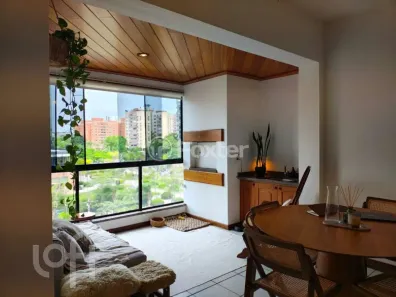 Apartamento com 3 Quartos à venda, 99m² no Passo da Areia, Porto Alegre
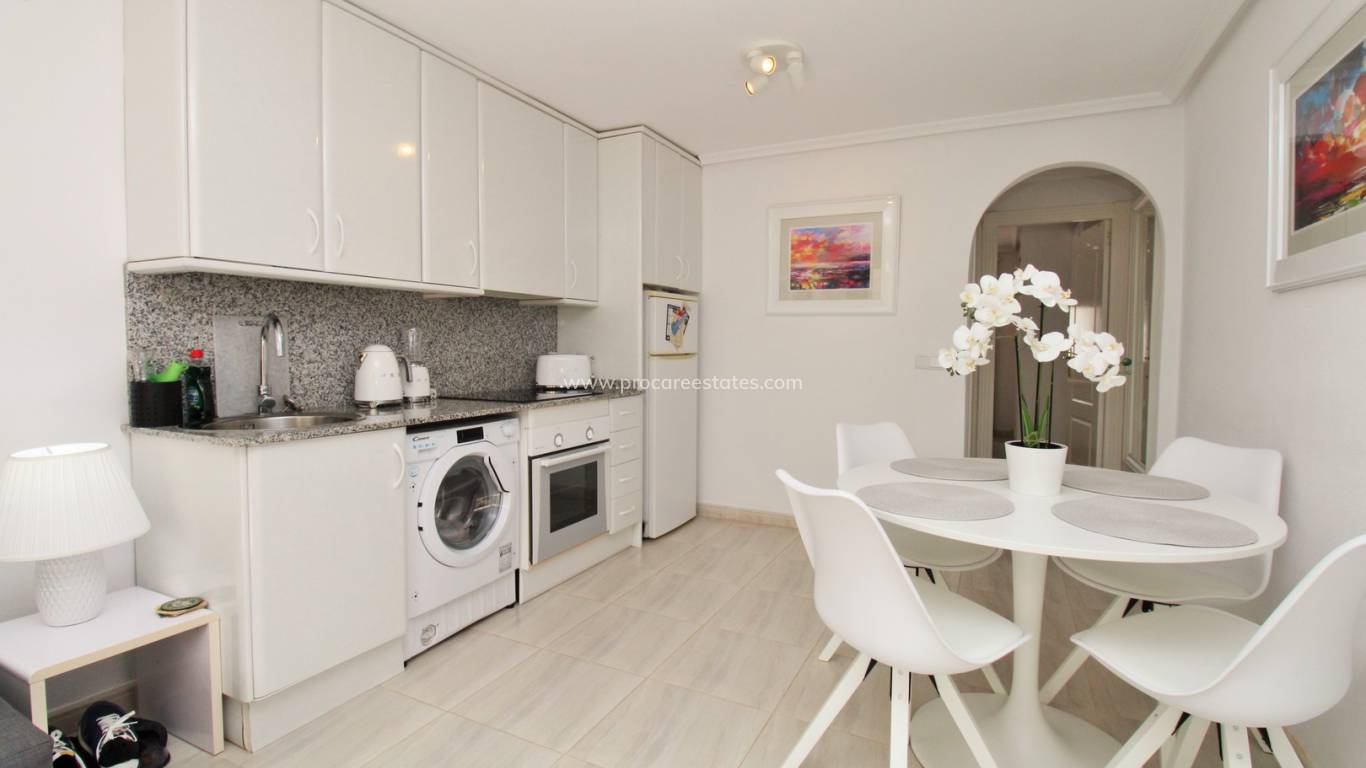 Resale - Apartment - Orihuela Costa - Villamartin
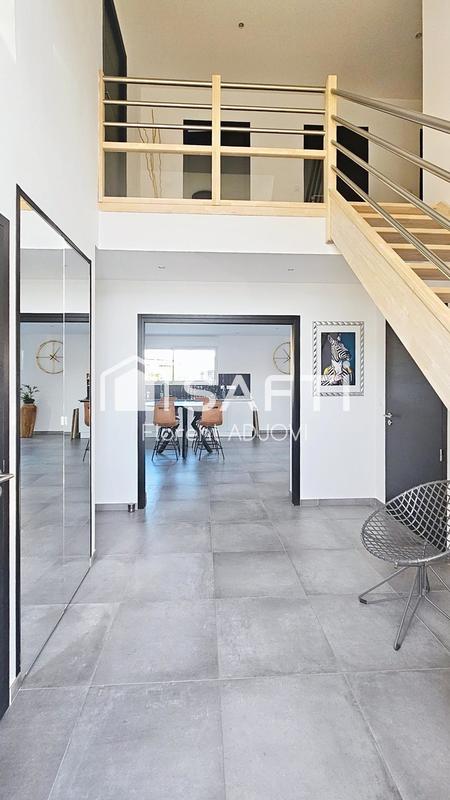 Maison - 161 m² - 5 pièces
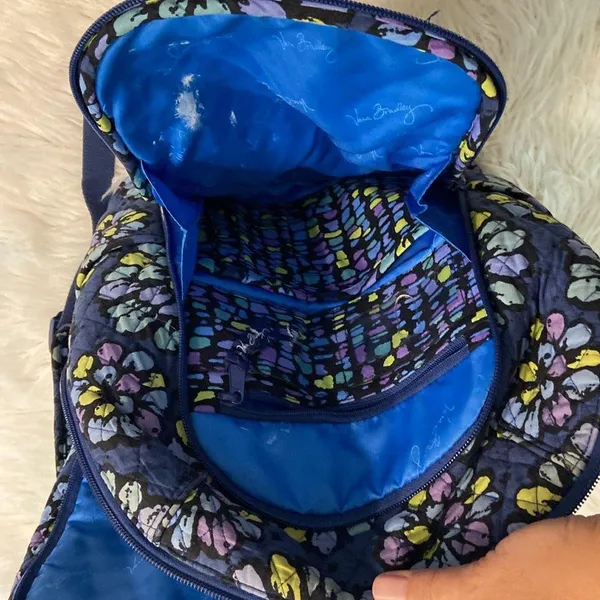 Vera Bradley Big Backpack outside condition excellent but inside have one rip - Image 9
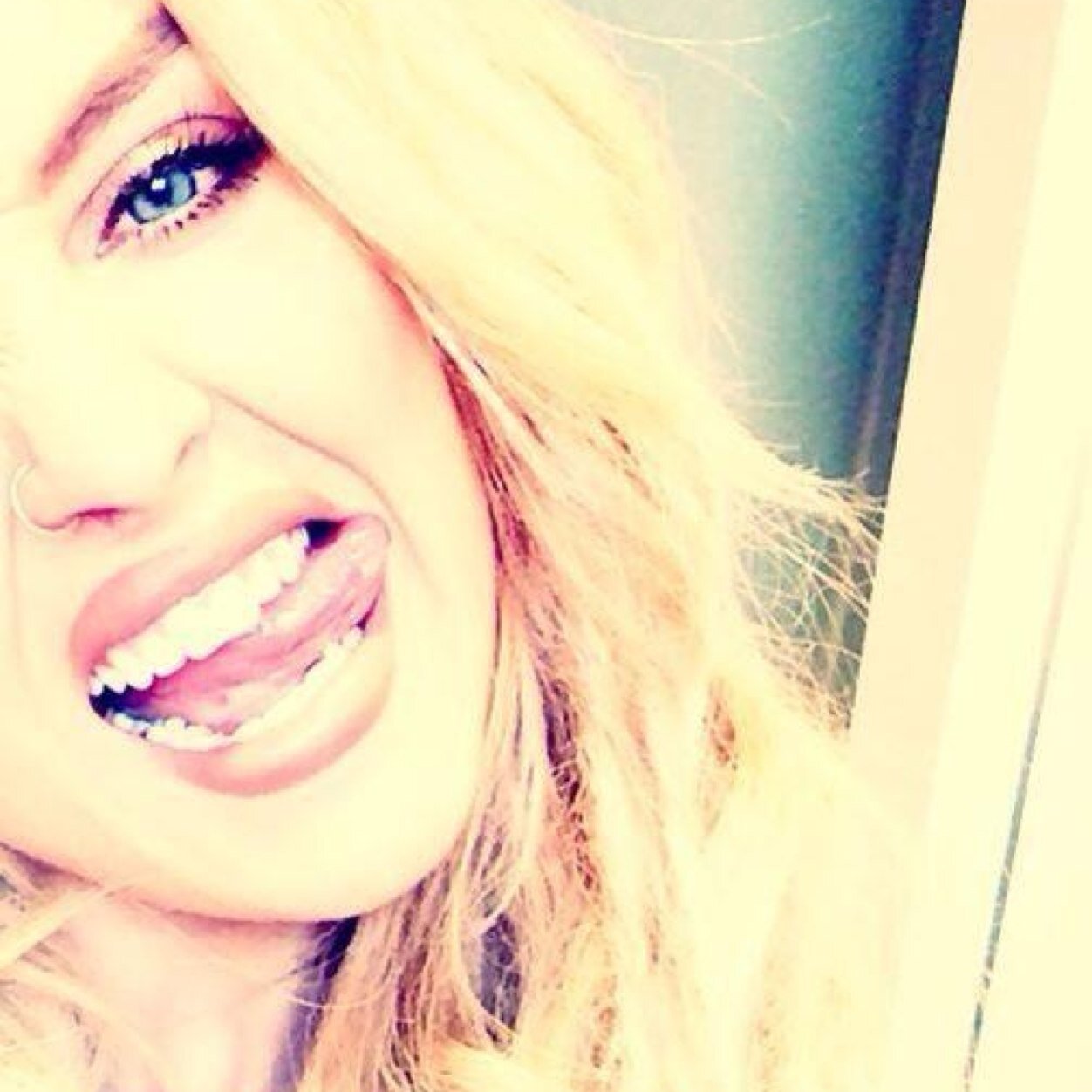 PerrieCCS's profile picture. I'm Perrie.. The platypus. #CCS | Single |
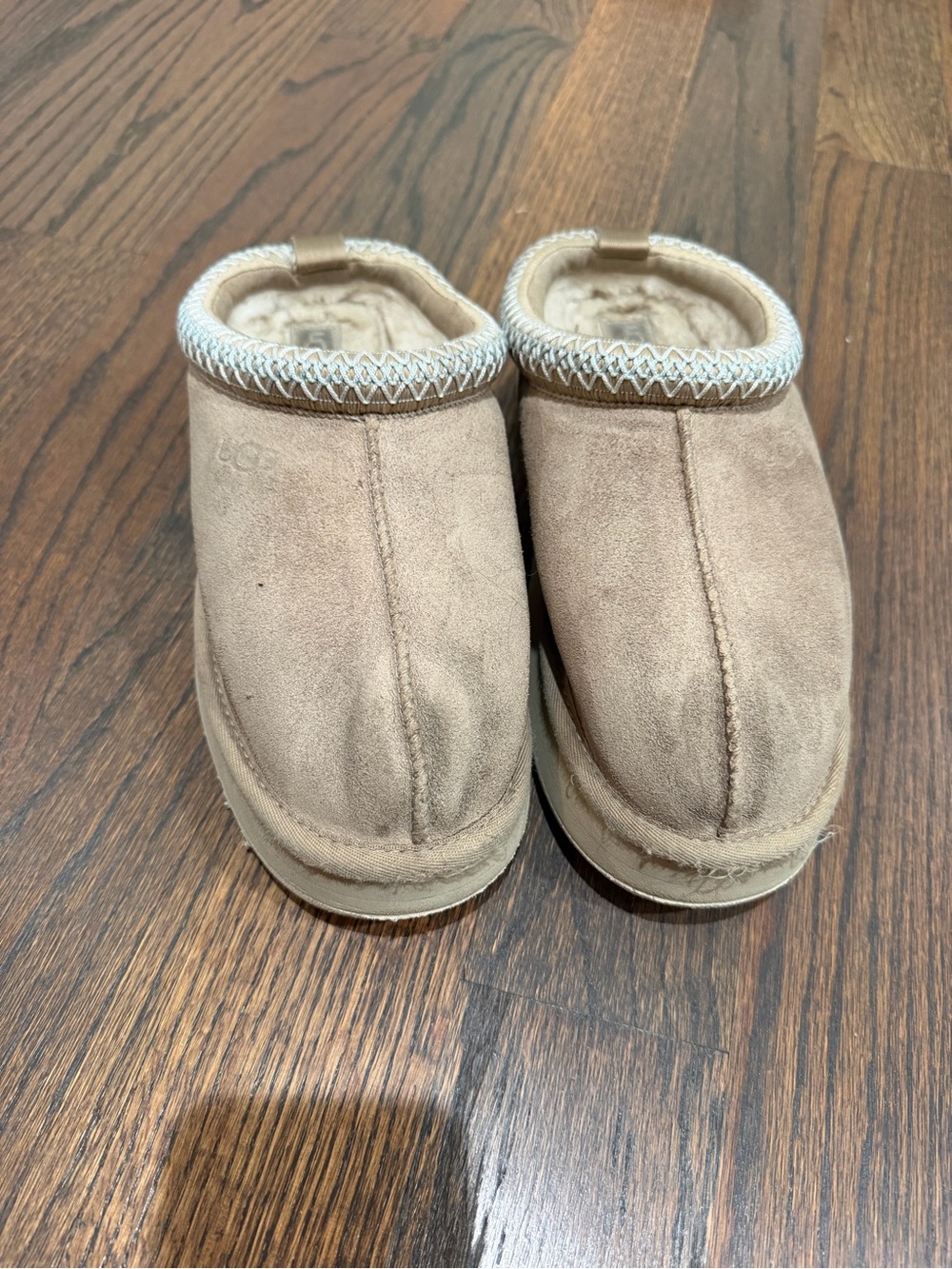 UGGS sz 8 Platform Slides-Just put through wash-lots of wear left!!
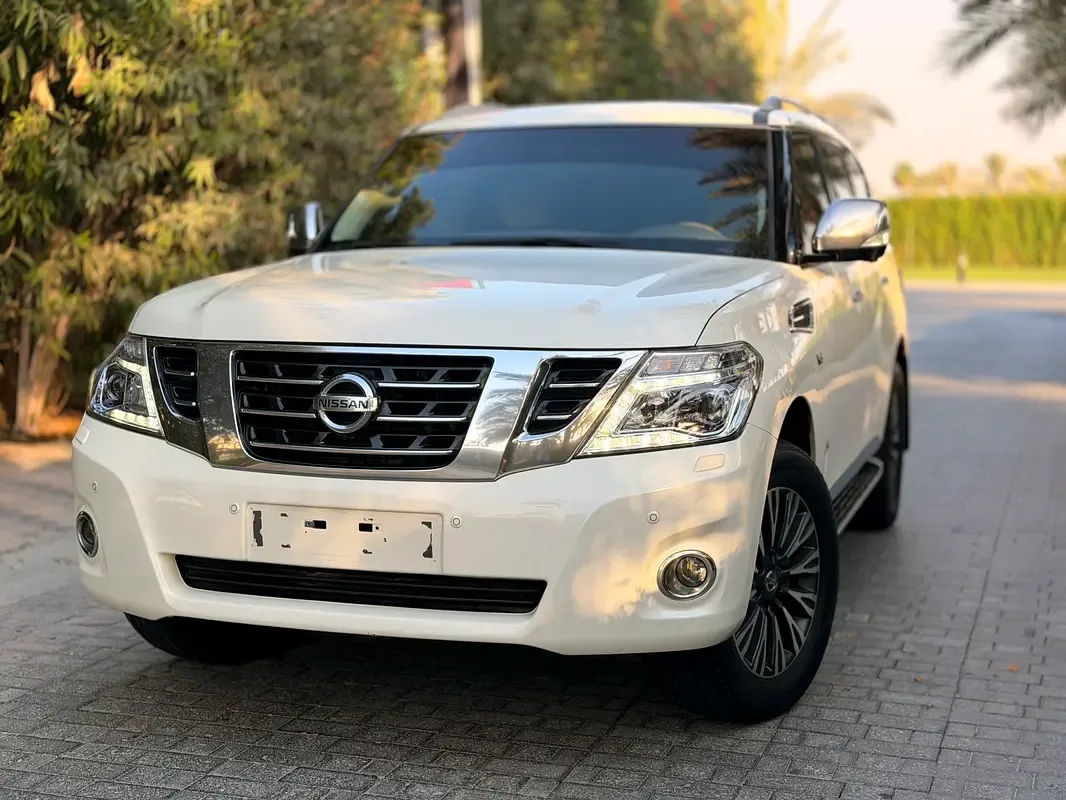 Nissan Patrol 5.6 AT (405 hp)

--

Transcribe exactly, and only, the lines from the one containing "PerrieCCS's profile picture." through the last line of the records above, both included; leave out the pictures.

 PerrieCCS's profile picture. I'm Perrie.. The platypus. #CCS | Single |
 UGGS sz 8 Platform Slides-Just put through wash-lots of wear left!!
 Nissan Patrol 5.6 AT (405 hp)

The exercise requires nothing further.